Hugo Kaagman
Hugo Kaagman (1955) studeerde van 1973 tot 1976 Sociale Geografie aan de Universiteit van Amsterdam. Aan het eind van de jaren zeventig maakte hij deel uit van de een creatieve groep binnen de Amsterdamse punk- en kraakbeweging. Hij was samen met vriendin Diana Ozon en graffitiartiest Dr. Rat een van de oprichters van het fanzine de Koekrant en de punkclub DDT666. De kraakpanden in de Sarphatistraat waarin Hugo woonde werden door hem in een zebramotief geschilderd en stonden sindsdien bekend als de Zebrapanden. Kaagman was eind jaren zeventig, en ook in het begin van de jaren 80 actief als graffitikunstenaar.

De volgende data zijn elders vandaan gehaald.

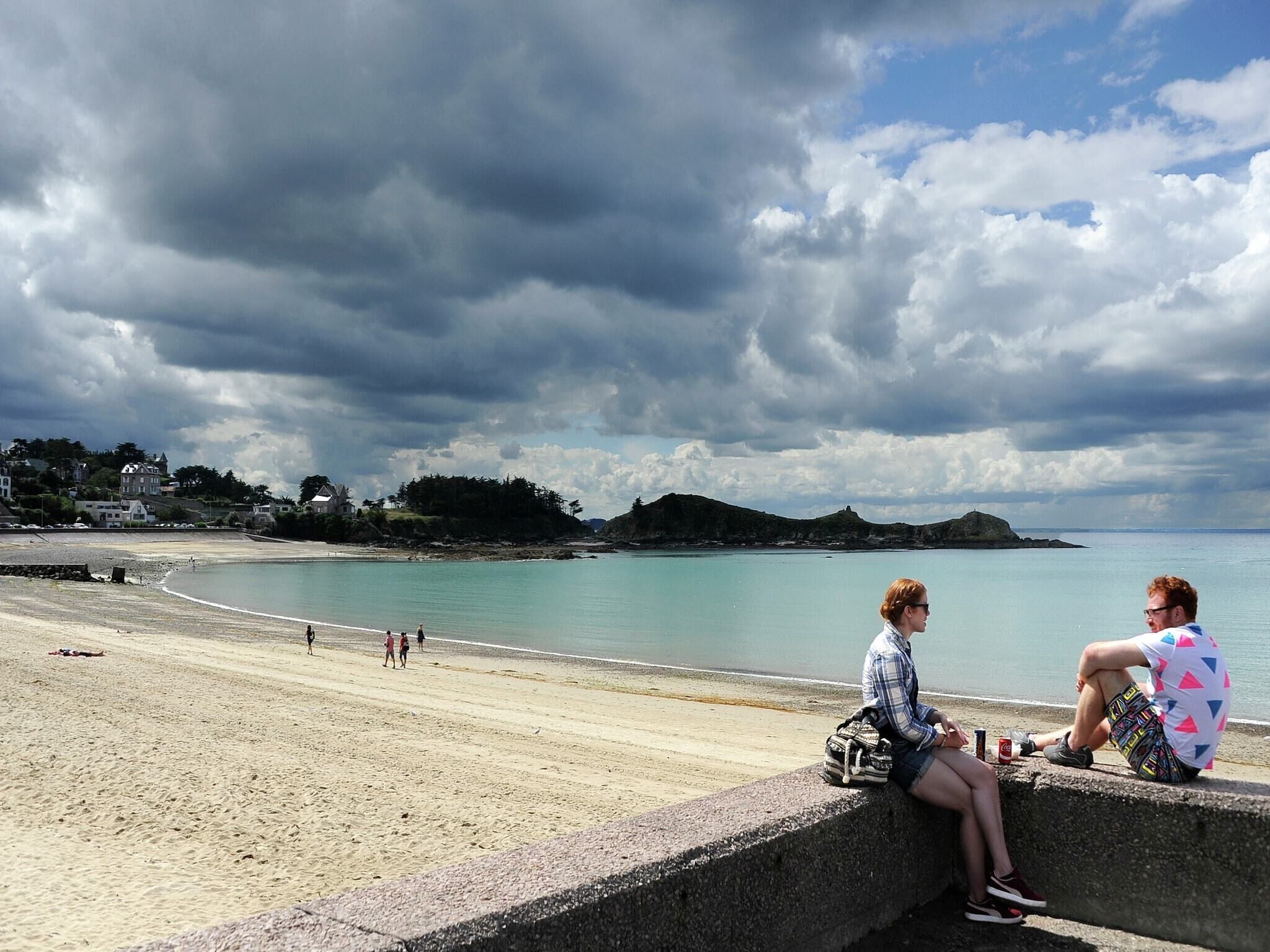 Uma praia com um muro de concreto, mar calmo e céu nublado.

Op de muren van het Rijksmuseum spoot hij destijds met verf zijn eigen versie van het Melkmeisje van Vermeer.
In 1983 kreeg hij van de gemeente Amsterdam zijn eerste officiële opdracht: het maken van een graffitikunstwerk op een wand bij de voorlopige Waterloopleinmarkt. Verschillende reizen naar Marokko en Senegal beïnvloedden zijn werk en oosterse decoratiepatronen verschenen in zijn werk. Hij wist dit op creatieve manier te vermengen met Oud-Hollandse ambachtelijke kunst en maakte daarna driftig gebruik van het Delfts Blauw, door hem enigszins spottend “Shocking Blue” genoemd.

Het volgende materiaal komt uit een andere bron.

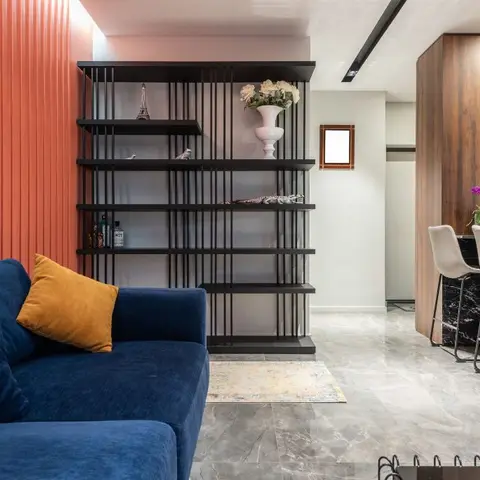 Open-plan space with a navy velvet sofa against a coral fluted wall, a black ladder-style display shelf, and a wood-clad bar counter with stools visible beyond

In 1993 kreeg hij een grote opdracht van de luchthaven Schiphol voor het beschilderen van een 65 meter lange wand. Hierna volgden talloze andere grote opdrachten zoals het maken van een muurschildering voor het nieuwe Nederlandse consulaat in Sint-Petersburg (in 1998). Ook maakte hij ontwerpen voor 19 vliegtuigen van British Airways Tot de belangrijkste opdrachten van de laatste jaren horen de muurschilderingen in het nieuwbouwproject De Meridiaan in Almere uit 2005 en de Stadshaard in Enschede, door het NRC uitgeroepen tot het lelijkste gebouw van Nederland.
Kaagmans werk is een mengeling van het Westerse, het niet-Westerse, het burgerlijke, het ambachtelijke en het moderne, avant-gardistische, spottend en kritisch en tegelijkertijd met respect voor het artistieke aspect van het ambachtelijke werk.